** Task directions **
Apart from the images, the entire listing below must be restated word for word.

** Data shown **

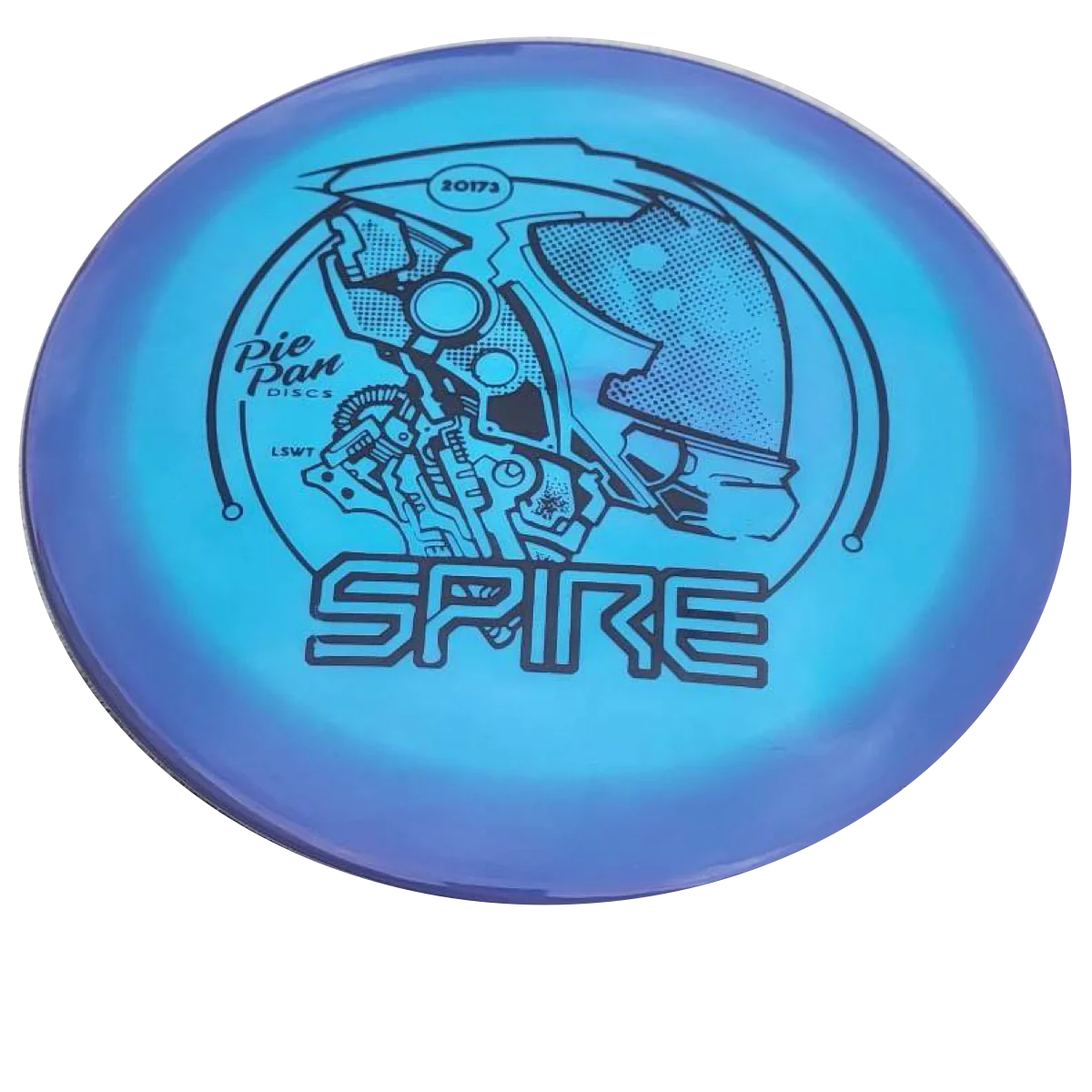 Pie Pan Baker s Blend Spire Tri Fly Disc Golf pie-pan-baker-s-blend-spire-tri-fly-disc-golf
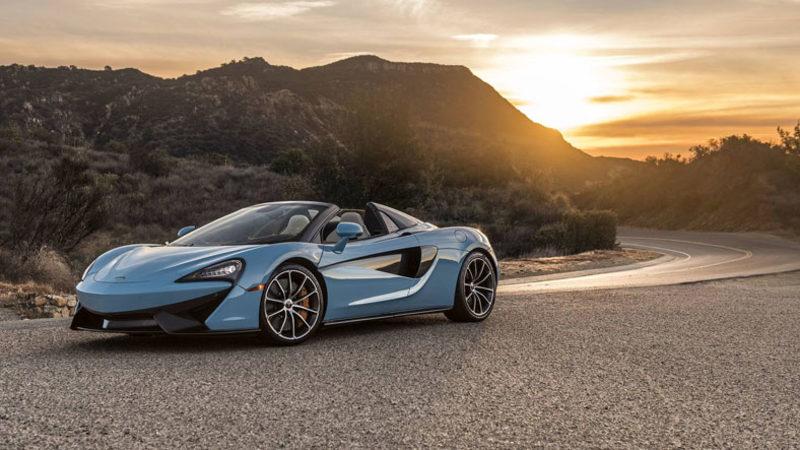 Yeni Nesil McLaren 570S Olduğu Düşünülen Bir Araç Fotoğraflandı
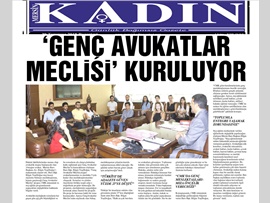 BASINDA BAROMUZ(Mersin Barosu Genç Avukatlar Meclisi Kuruyor)
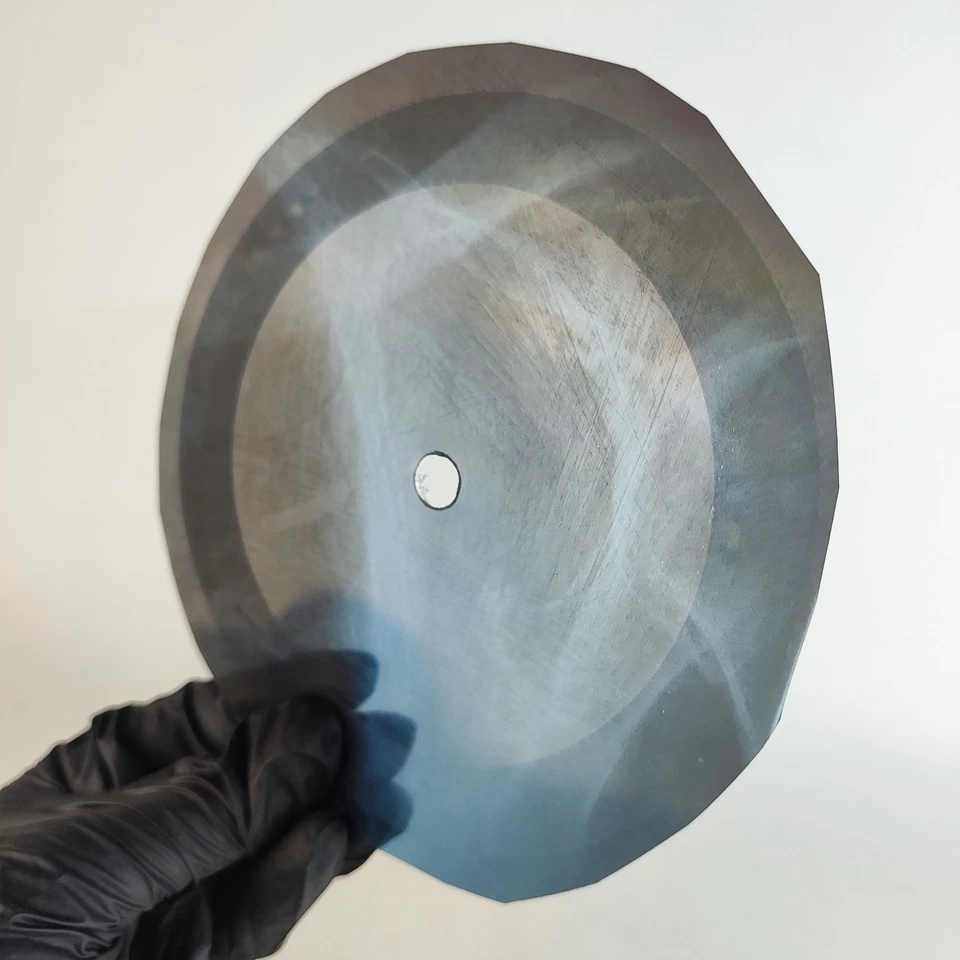 CHUCK BERRY JOHNNY B GOOD X-Ray USSR Record Roentgen Bone Ribs Music Vinyl - Image 2 of 2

** Reply to the exercise **
 Pie Pan Baker s Blend Spire Tri Fly Disc Golf pie-pan-baker-s-blend-spire-tri-fly-disc-golf
 Yeni Nesil McLaren 570S Olduğu Düşünülen Bir Araç Fotoğraflandı
 BASINDA BAROMUZ(Mersin Barosu Genç Avukatlar Meclisi Kuruyor)
 CHUCK BERRY JOHNNY B GOOD X-Ray USSR Record Roentgen Bone Ribs Music Vinyl - Image 2 of 2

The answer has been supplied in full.